The Plaintiff also sought the costs of the Originating Summons. Directions were given on 16th April, 2012 that the Originating Summons be tried by way of Affidavit evidence. It was also directed that the parties file their respective written submissions to be hi-lighted by Counsels. The submissions were filed and the same were hi-lighted on 5th June, 2012.

The Plaintiff’s case was that by an Agreement for Sale and Purchase of Shares made in or about August, 2007, Henry Njoroge and Lucy Njoroge (hereinafter “the Vendors”) the shareholders and directors of Open-view Business Systems Ltd, agreed to sell their shares to Access Kenya Group Ltd at an agreed consideration. That sale was concluded but a dispute arose about the purchase price and offset of amounts claimed under warranties in the said Agreement. The parties negotiated a settlement vide a Deed of Settlement dated 15th December, 2009 (hereinafter “the Deed”) between themselves. The Plaintiffs contended that under the said Deed, a sum of Kshs.17,636,494/- was to be paid to the Defendant firm to hold in an escrow interest bearing account and to be released in terms of Clause 8 of the Deed, that in pursuance of that provision of the Deed the Defendants issued an undertaking to the Plaintiffs dated 7th January, 2010 undertaking to release the said sum of Khs.17,636,494/- in a certain way as set out in that undertaking within one year, that the claims by IBM World Trade Corporation (“IBM”) had been confirmed to be US$8,712. 5 by 30th March, 2011, that the Plaintiffs had instructed the Defendants to pay the said sum of US$8,712. 15 to IBM and release the balance to the Plaintiffs but the Defendants had failed to either pay the said sum of US$8,712. 15 to IBM or to release the balance to the Plaintiffs, that the undertaking was now enforceable and  that the undertaking was restricted to Clause 8 of the Deed whose conditions had been met thereby making the undertaking enforceable.
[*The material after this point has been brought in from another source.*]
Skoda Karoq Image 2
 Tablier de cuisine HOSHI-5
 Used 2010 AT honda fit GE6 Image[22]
Mr. Mwaura, learned Counsel for the Plaintiff submitted that the Defendant had acknowledged receiving the amount in Escrow, which was being held in a fixed Account at NIC Bank, that the said amount does not belong to the Defendants and therefore they are not entitled to keep the same. That the Defendants have resorted to introducing unrelated and extraneous matters to avoid the clear and unequivocal undertaking given by them.
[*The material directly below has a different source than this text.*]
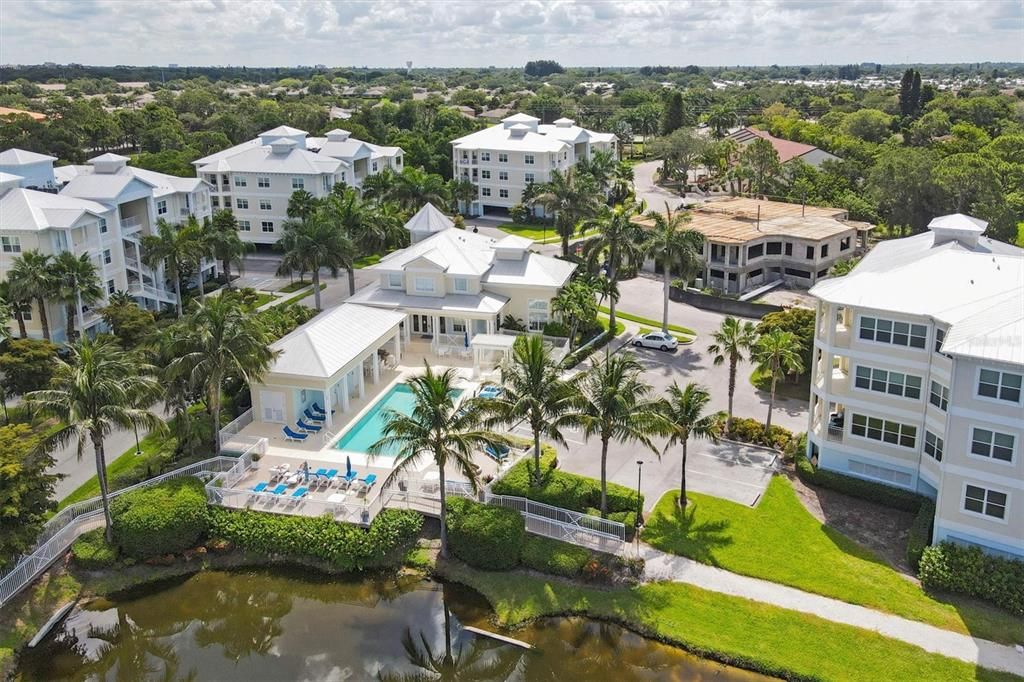 На продажу: $549,900 (3 спален, 2 ванн, 1854 Квадратных фут)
Counsel referred to the cases of James Murimi Githinji –vs- John Ngure Mbugua (2008) e KLR 1and Harit Sheth –vs- K.H. Osmond (2011) e KLR 1on the nature of a professional undertaking by an Advocate. Counsel therefore urged that the suit be allowed as prayed.

On the part of the Defendants, Mr. Paras V. Shah swore a Replying Affidavit on 17th May, 2012. The Defendants gave the background to the dispute, that the basis of the purchase of the shares in Open-view Business Systems Ltd by Access Kenya Group Ltd was the accounts of 2005, 2006 and August 2007 which showed profits totaling Kshs.41million, that the dispute that arose between the parties to that sale of shares agreement was because of the mis-statements of accounts by the Vendors to the purchasers which led to the execution of the Deed, that the sum of Kshs.17,636,494/- held in escrow was a claim by IBM against the business that had been sold to Access Kenya Group Ltd. That the professional undertaking made to the Plaintiff was on condition that payment to IBM of the outstanding amount is made to the satisfaction of the purchaser, that the purchaser had not yet confirmed its satisfaction, that release of the escrow amount as sought by the Plaintiff would be in breach of the undertaking given by the defendant, that the amount due to IBM was US$85,962. 74 and not US$8,712. 15 as contended by the Plaintiffs, that the Plaintiff had suppressed certain material facts relevant to this matter yet it was seeking discretionary orders.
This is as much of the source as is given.